* **Source material**:
──────

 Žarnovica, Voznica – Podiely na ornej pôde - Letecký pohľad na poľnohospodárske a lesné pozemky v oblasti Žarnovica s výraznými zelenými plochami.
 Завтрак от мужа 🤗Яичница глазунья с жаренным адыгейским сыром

──────

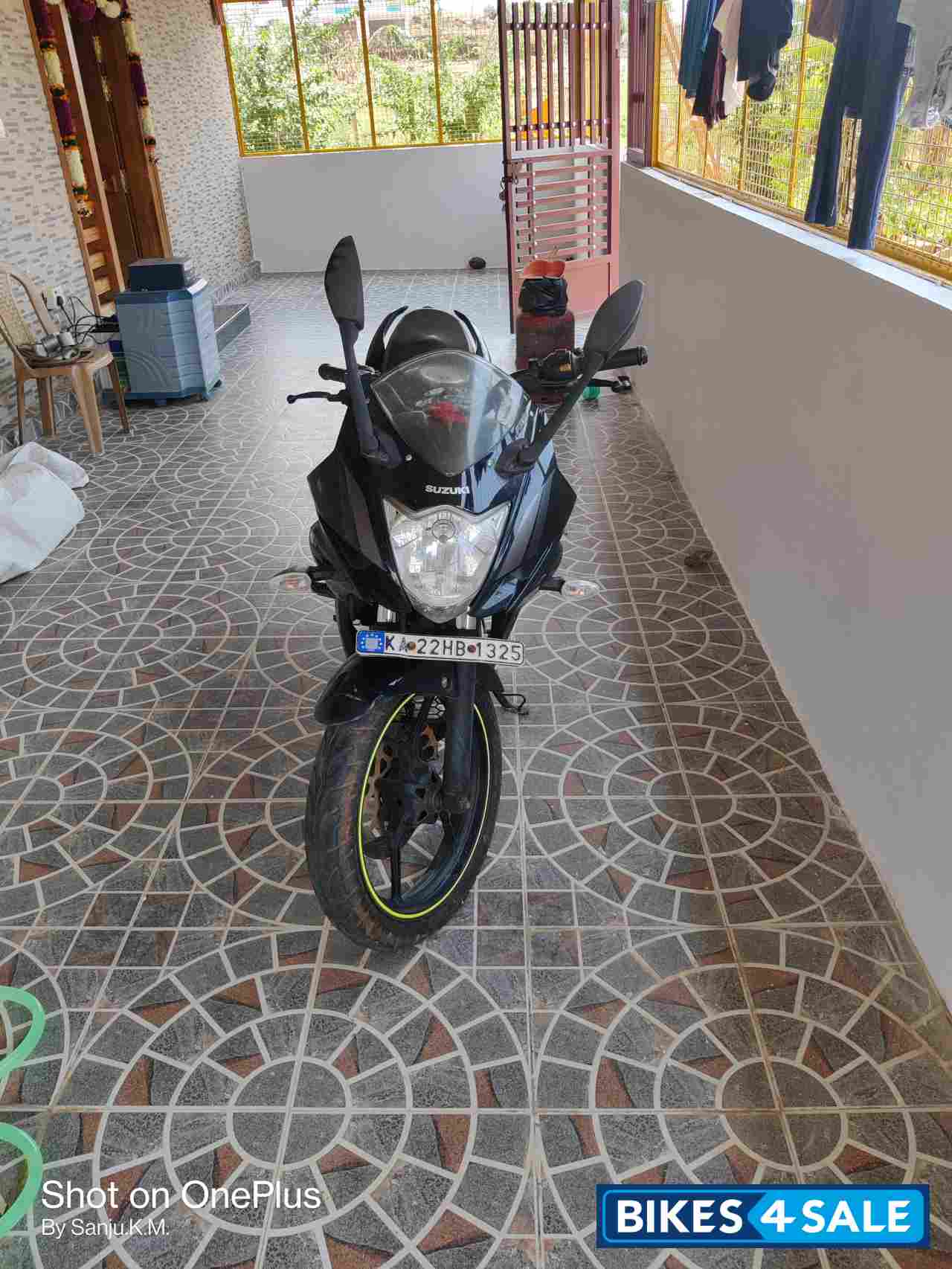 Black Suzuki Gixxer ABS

──────

* **About this task**:
Would you retype the lines above from the one with "Žarnovica, Voznica –" down to the one with "Завтрак от мужа", word for word, both ends included and no other lines?

* **Answer area**:
 Žarnovica, Voznica – Podiely na ornej pôde - Letecký pohľad na poľnohospodárske a lesné pozemky v oblasti Žarnovica s výraznými zelenými plochami.
 Завтрак от мужа 🤗Яичница глазунья с жаренным адыгейским сыром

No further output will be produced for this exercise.